Они видят, что я не шучу. Даже Риди.
– Без вопросов, старина. Ты не хочешь переодеться?
– Просто посадите меня на самолёт, – повторяю я, заело пластинку, – посадите меня на самолёт.
О господи… мне нужно добраться до аэропорта. Я должен его увидеть. Нет, не хочу.
НЕТ
НЕТ, НЕ МОЖЕТ БЫТЬ, Я НЕ ВЕРЮ
Нет.
Я хочу запомнить его таким, какой он был. Каким он останется для меня навсегда. Удар… какой ещё, на фиг, удар…
Риди качает головой:
– Карл, от тебя несёт, как от старого пса. В таком состоянии тебя в самолёт не пустят.
Настал момент… не полной ярости, но частичной управляемости. Воспитание воли. Как, должно быть, ужасно всегда быть трезвым, всё время терпеть узды воли, не иметь возможности сбросить их, сдаться на время. Но я сдался в совсем неподходящий момент. Я задержал дыхание. Попытался открыть глаза и навести фокус, победить шум и несуразицу и поддержать захлопывающиеся веки.
– Что я тебе говорю?
– Да, Карл, я поняла, ты хочешь, чтоб я посадила тебя на самолёт, – говорит Хелена.
Я киваю.
Хелена вдруг и внешне, и голосом стала похожа на мою мать.

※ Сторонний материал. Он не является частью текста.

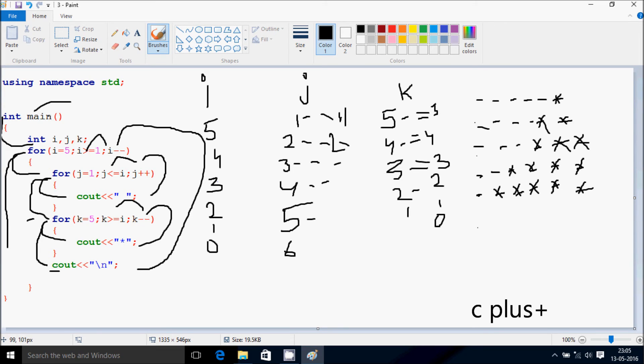Control exits from the main function. So this is the dry run method of this program. I hope that you understand. Thanks for watching, see you next time.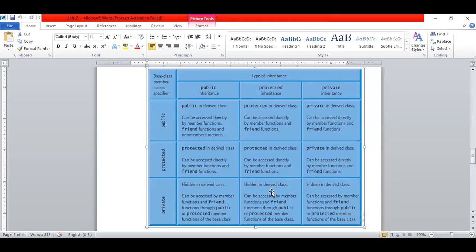If the base class member is private, it is definitely hidden. If it is protected, it will be accessible with some changes — you need to use a friend function. If it is public, it is definitely accessible. This is the overall idea about accessibility and access rights that we can give to derived classes.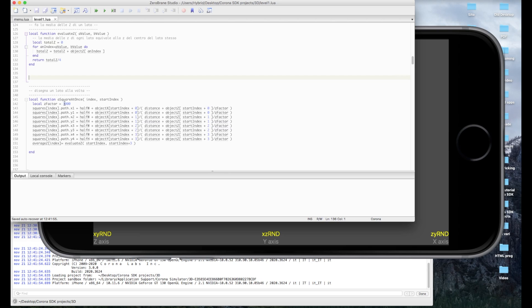Il programma è finito. Spero che ti sia piaciuto; a me ha divertito molto. Non so se si trova qualcosa di simile in giro, fammelo sapere. Ci vediamo al prossimo tutorial, fammi sapere se hai domande. Trovi il codice sorgente al link sottostante al video. Ti saluto, ci vediamo al prossimo video, e grazie per avermi seguito, come sempre ciao.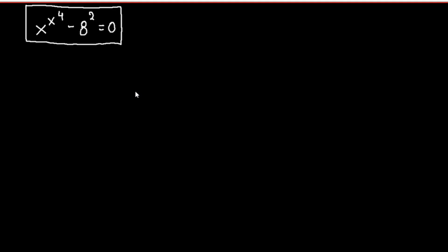Hello everyone, in today's video we are going to solve a nice equation. We have x raised to the power of x raised to the fourth power minus 8 raised to the second power equals zero.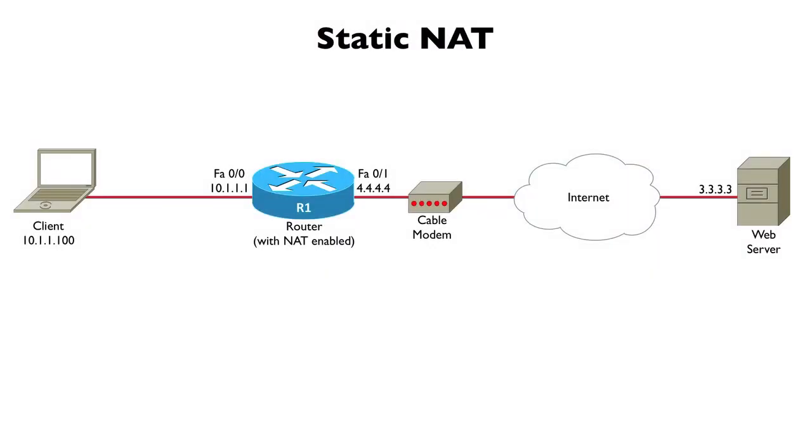One flavor of network address translation that we have is Static NAT. With Static NAT we're going to map an inside local address, a private IP address, to a specific inside global address which is publicly routable.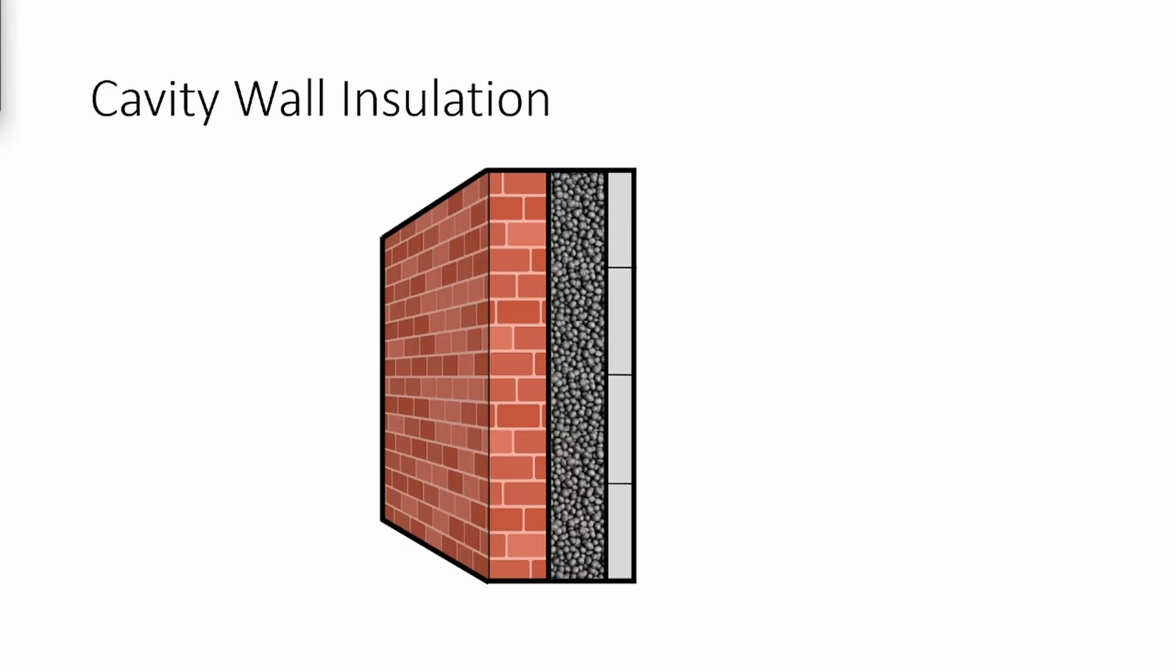Cavity wall insulation is a construction method that involves an external wall made of bricks, an internal wall, and an insulating material between them.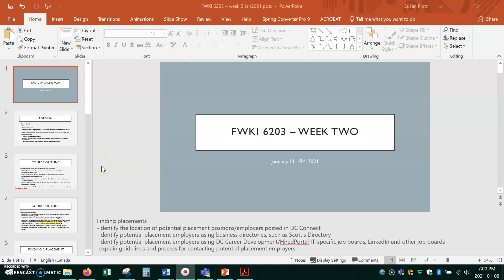Greetings CPA students and welcome to week two of fieldwork 6203. This is video one for this week.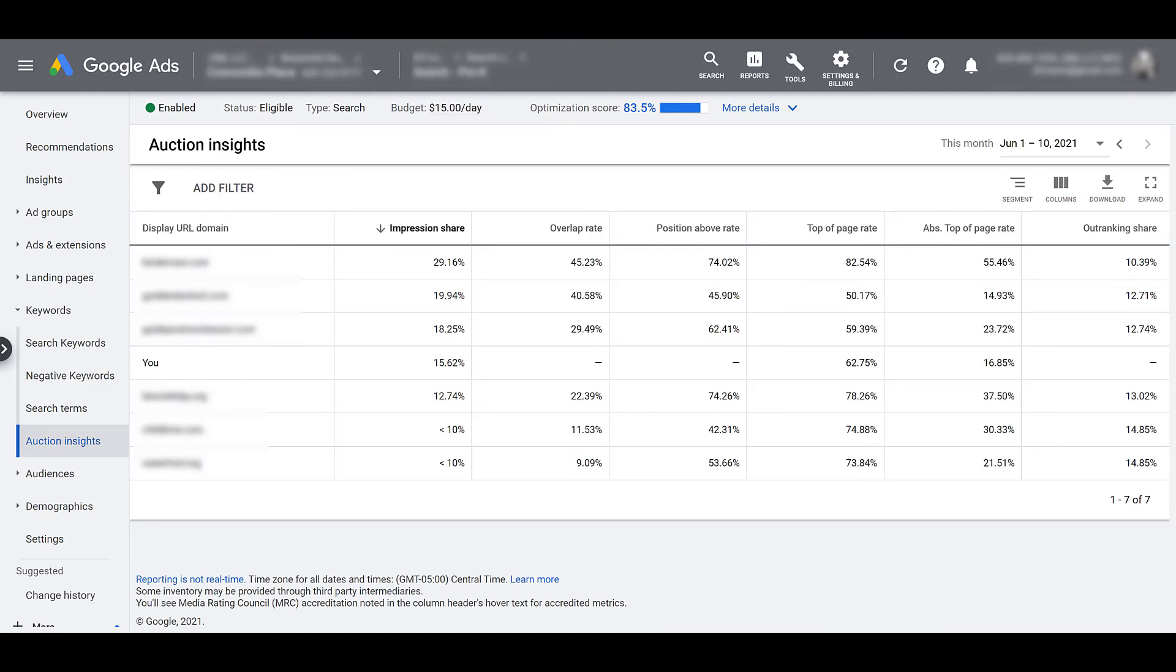And one last thing I like to do from this information is start collecting all the list of competitors. And you can do it at whatever level you want. Collect every single one showing up in all your campaigns or you can segment that information to just a group or theme that you want that is important to you. But take that list of competitors and maybe use a tool like SEMrush or SpyFu and see what other keywords they're bidding on.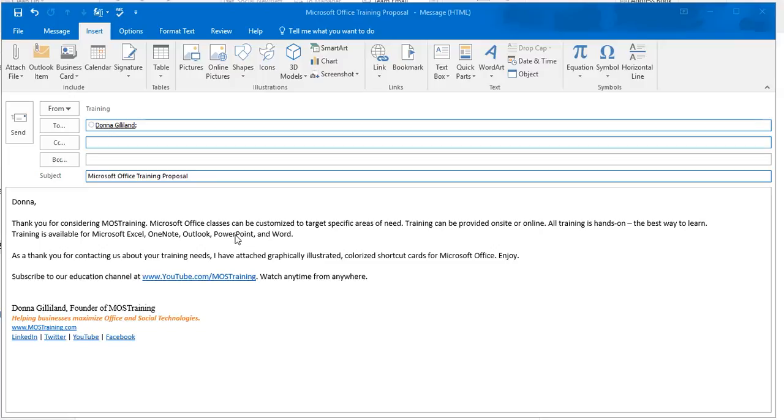Do you find yourself typing the same things over and over again in certain emails that you send out in Microsoft Outlook? Well, if you do,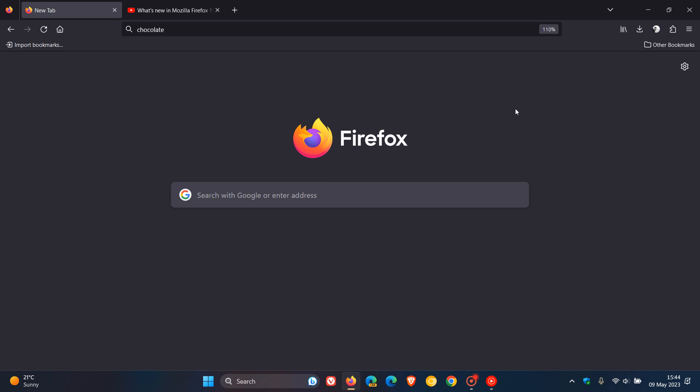And then if you are importing bookmarks from another browser, like Safari or other Chromium-based browsers, Mozilla says the favicons for those bookmarks will now also be imported by default to make them easier to identify. And I think that's also another nice move. And Firefox does currently support AVIF images across the web. And with version 113 now, it supports AV1 image format files containing animations.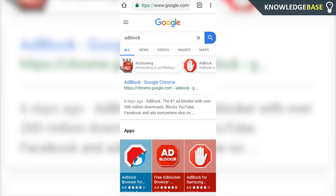Hey guys, welcome to Knowledge Base. Today I'm going to show you how you can download Adblock for Android. So if this video does help you out, please make sure you leave a like and subscribe to this channel, and we'll jump into the tutorial.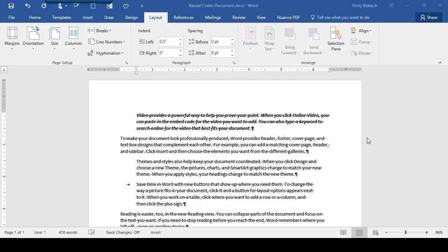In this tip, I want to show you Word's great reveal formatting feature. If you're having problems with your formatting or you want to check the formatting in a paragraph, you can turn on reveal formatting.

– Не думаю, что это реально осуществить прямо сейчас, но таково твоё желание. Вот твоя сумка. Я захватила твой паспорт и забронировала билет на свою кредитку. Его можно забрать на стойке «Бритиш-Эруэйз» в аэропорту. Вот номер брони. Сейчас я отвезу тебя в аэропорт.

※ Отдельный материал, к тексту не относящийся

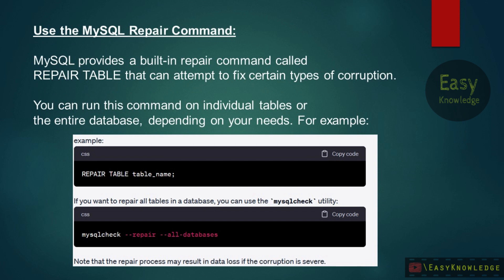MySQL provides a built-in repair command called REPAIR TABLE that can attempt to fix certain types of corruption. You can run this command on individual tables or the entire database depending on your needs. For example: REPAIR TABLE table_name. If you want to repair all tables in a database, you can use the mysqlcheck utility: mysqlcheck --repair --all-databases. Note that the repair process may result in data loss if the corruption is severe.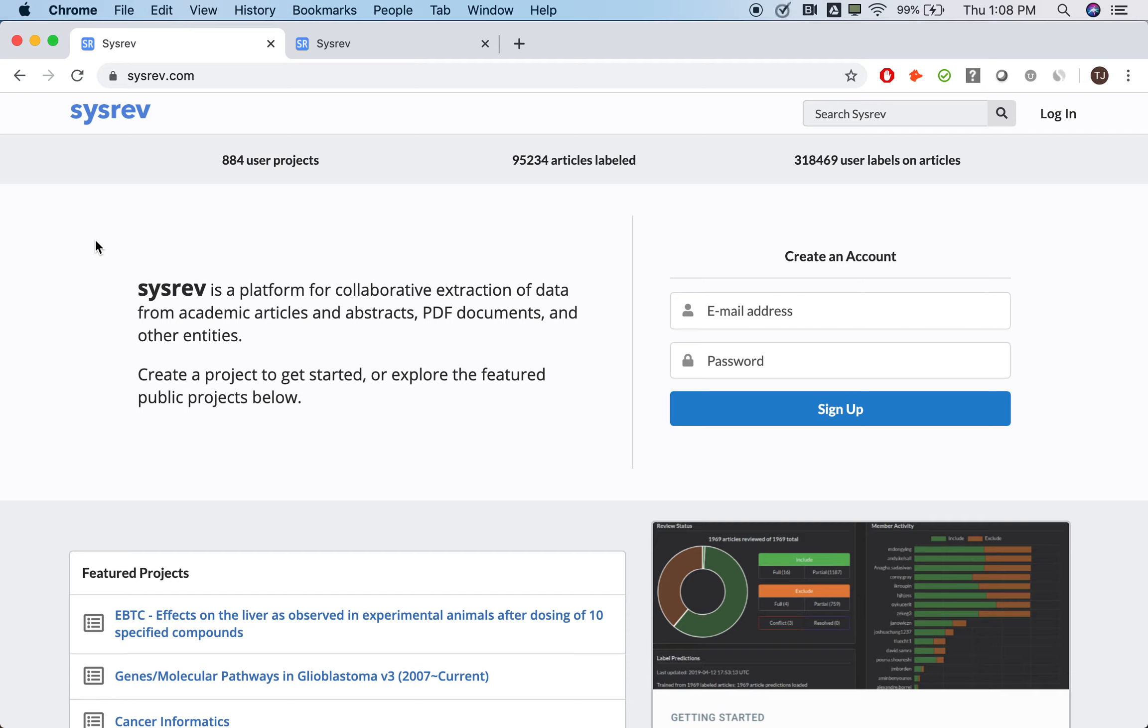But first, a brief statement about our values and goals at SysRev. As I said, SysRev is the first open access platform for document reviews.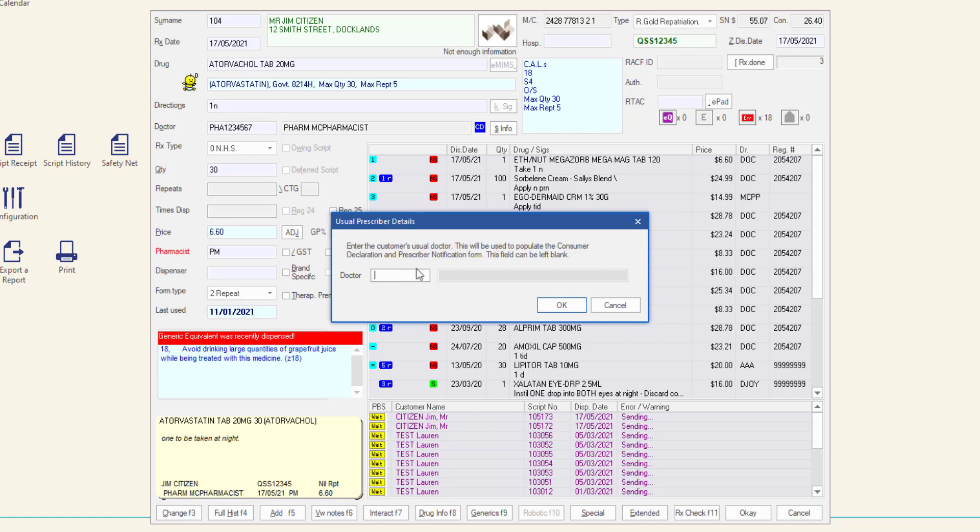In the doctor checkbox, enter the code of the customer's most recent prescriber and then click OK. Alternatively, leave the doctor text box blank to handwrite the doctor's details on the notification form and then click OK.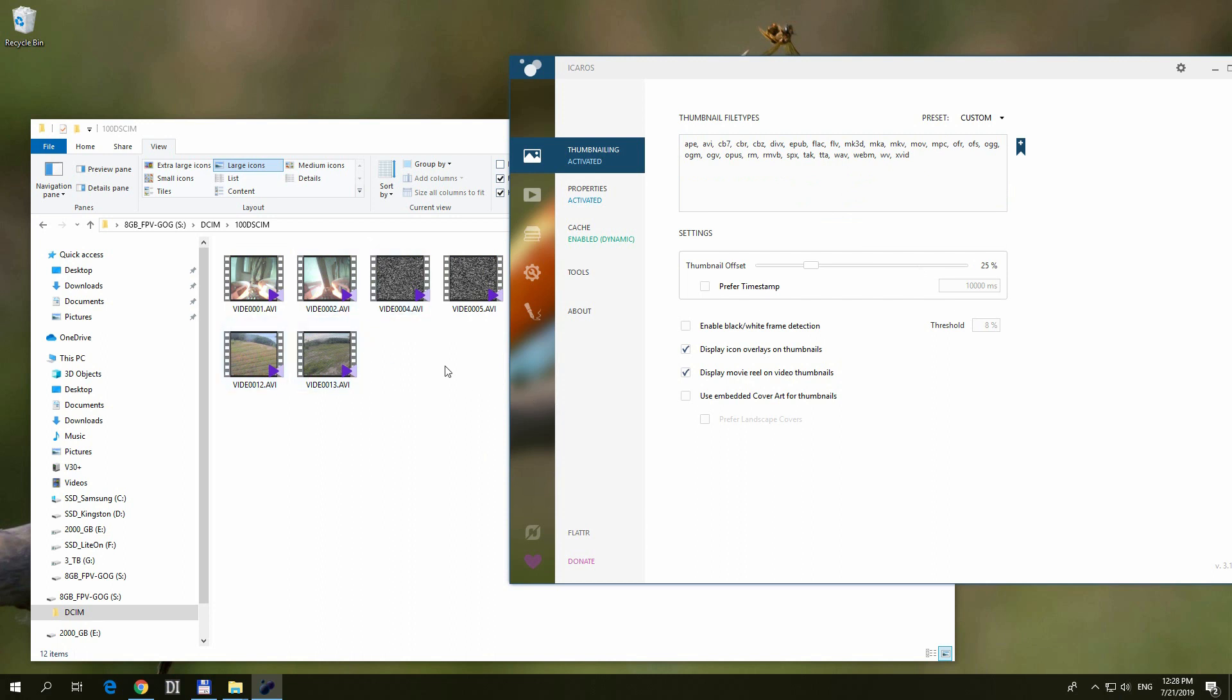So that's how to show your thumbnails. If it's missing one extension, then just click inside, add a semicolon to separate the extensions, and type your extension, and it should work.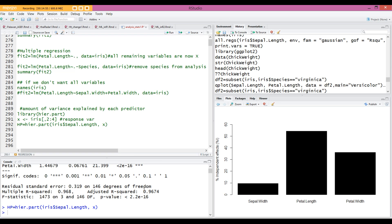Linear regression is one of the most common regressions you will work with regardless of your field. However, you need to satisfy a certain set of conditions before using linear regression — otherwise you cannot use it without further manipulations. In the next lecture, we are going to look at the conditions of linear regression.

Всё это она сделала для меня. Я смиренно киваю. Он лучше всех.
– Спасибо за всё. Я отплачу… я разберусь, приведу себя в порядок.

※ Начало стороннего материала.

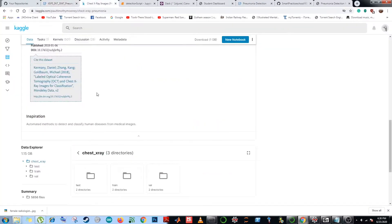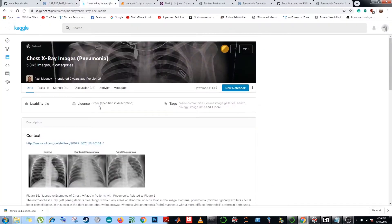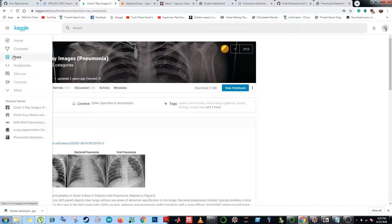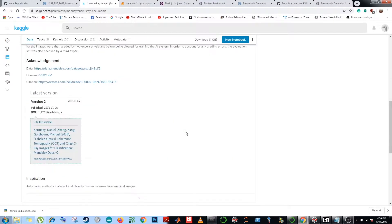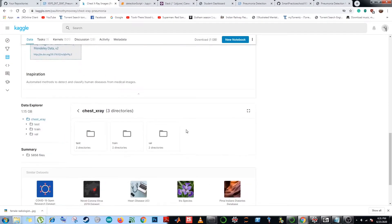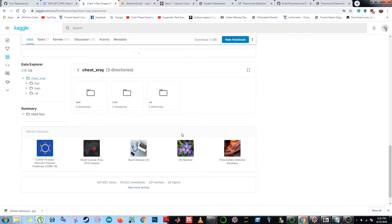Now I would like to talk about the dataset which I've used for creating this model. We have used the chest x-ray images pneumonia by Paul Mooney, and the best part of this dataset is that it is beautifully aligned for making data pipelines.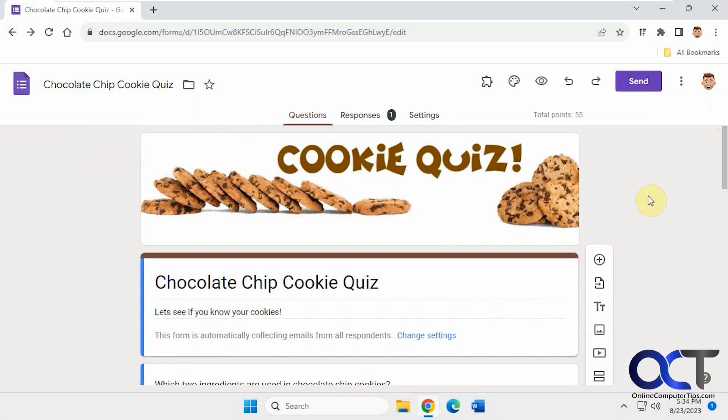Hi. In this lesson, we're going to show you how to use pre-filled links in Google Forms. These pre-filled links come in handy if you want to send out a copy of your form with the answers already filled in.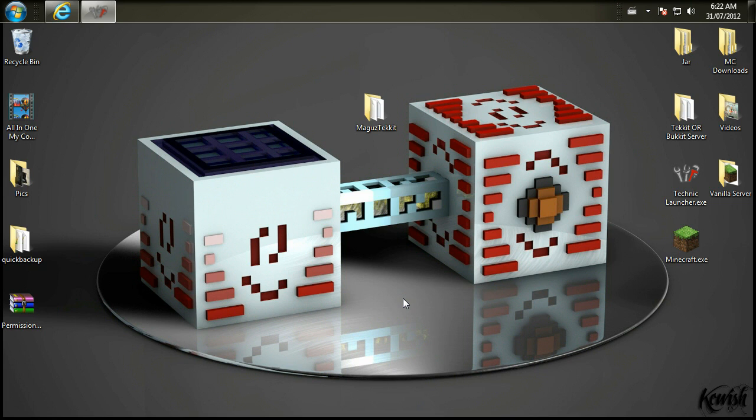Hello everybody, MagusX here, the Volatile Gamer. Welcome to the second installment of Let's Install Techit Plugins. Also note though, this works for Bucket, so stay tuned.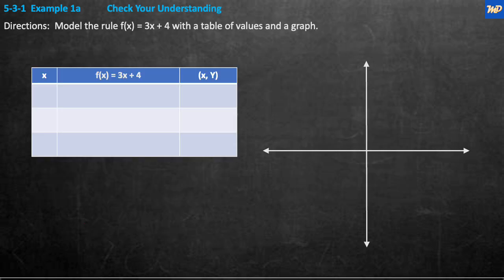Example 1 check your understanding. Pause the video and try this on your own, then come back and we'll work it together. It's the same as the previous slide — here's the function rule, and here's the table and the graph.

– Это ещё далеко не всё. Ты – эгоистичный урод, ты же хотел убить себя!
Я громко смеюсь. Что за чепуха. Если б я хотел убить себя, я б не выбрал для этого наркотики. Я бы спрыгнул с… ну, с утёса, что ли. Я просто пытался кого-то найти.
– Не смейся надо мной, – кричит она, – ты заглотил кучу таблеток и отправился один гулять по лесу.
– Да я просто перебрал с наркотой. Я хотел бодриться. Теперь я должен увидеть отца, о боже, бедный мой папа…
Селеста обняла меня.
– Давно он не спал? – спросила Хелена Риди.
Прости меня, Хелена… я слаб. Я снова бегу. Тяну до конца, а потом сбегаю от того, к чему стремился: Эльза, Элисон, Кандис, теперь ты. И все остальные, которые я не подпускал так близко.